Well-thumbed references often contain “dog ears,” folded down corners of book pages that mark off selected passages. These dog ears create extra spaces between the pages of a closed book so that it when it opens, it will reveal important passages without delay.
Something like that happens in the chromatin of immune cells. Chromatin, which packages genetic information, is the ultimate reference work, and immune cells consult it when they encounter infections and need to recall how to handle them.
While immune cells are known to rely on immunological memory, the molecular details are still hazy. In the hope of clearing things up, scientists based at the University of Birmingham studied how T cells were affected by an antigenic stimulus. The scientists found that during initial activation, the chromatin of naïve T cells underwent extensive remodeling. This remodeling, or epigenetic imprinting, reprogrammed immune response genes toward a stably maintained primed state.
According to the scientists, who were led by Professor Peter Cockerill, epigenetic imprinting occurs at the genes that need to be switched back on as soon as immune cells are reactivated. They propose that this forms the basis of a long-term memory that allows for an immediate response when the body encounters an infection and T cells are activated for a second time.
The details of this work appeared January 21 in The EMBO Journal in an article entitled “Inducible chromatin priming is associated with the establishment of immunological memory in T cells.”
“Activation induced the transcription factors NFAT and AP-1, which created thousands of new DNase I-hypersensitive sites (DHSs), enabling ETS-1 and RUNX1 recruitment to previously inaccessible sites,” wrote the article’s authors. “Significantly, these DHSs remained stable long after activation ceased, were preserved following replication, and were maintained in memory-phenotype cells.”
Rather than remain “switched on” permanently to fight infection continuously, the immune cells return to a dormant state—but they are altered by the initial infection and remain in a partially active state primed to combat any recurrence.

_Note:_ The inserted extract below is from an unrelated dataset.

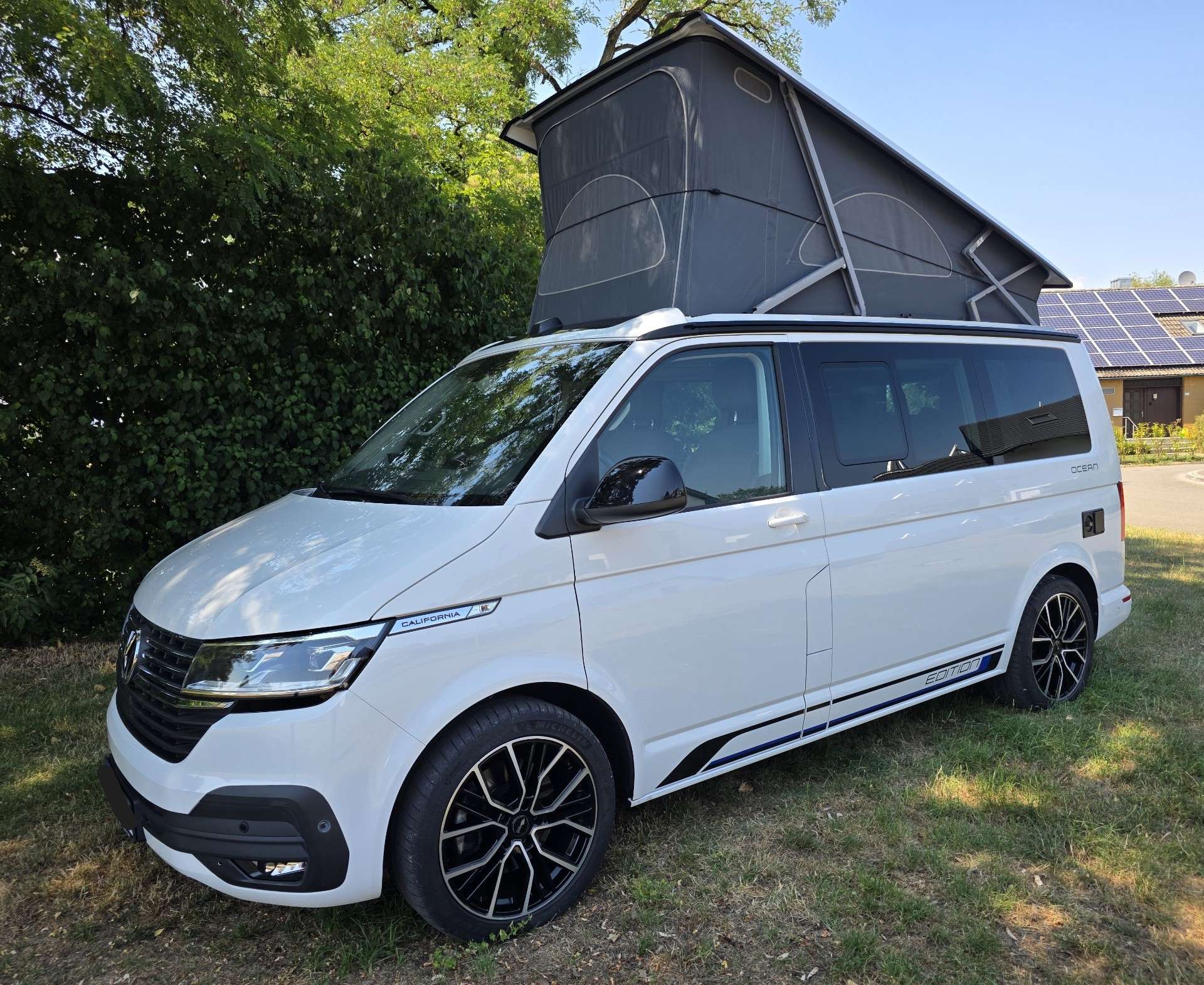 Volkswagen T6.1 California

Professor Cockerill explained, “The initial immune response switches on certain regions within chromosomes of previously inactive T cells to leave them in a more open structure so that they can then sit poised, ready to respond much faster when activated again in the future.”
Being able to silence the immune system until it is required to fight infection is also vitally important, else there would be a risk of damaging cells that are part of the host. The team identified a mechanism that allows cells to remain poised without producing the molecules associated with inflammation that are used to fight infection. If this tight control breaks down and healthy cells are targeted as if they were foreign, it can be the cause of a number of inflammatory or autoimmune disorders.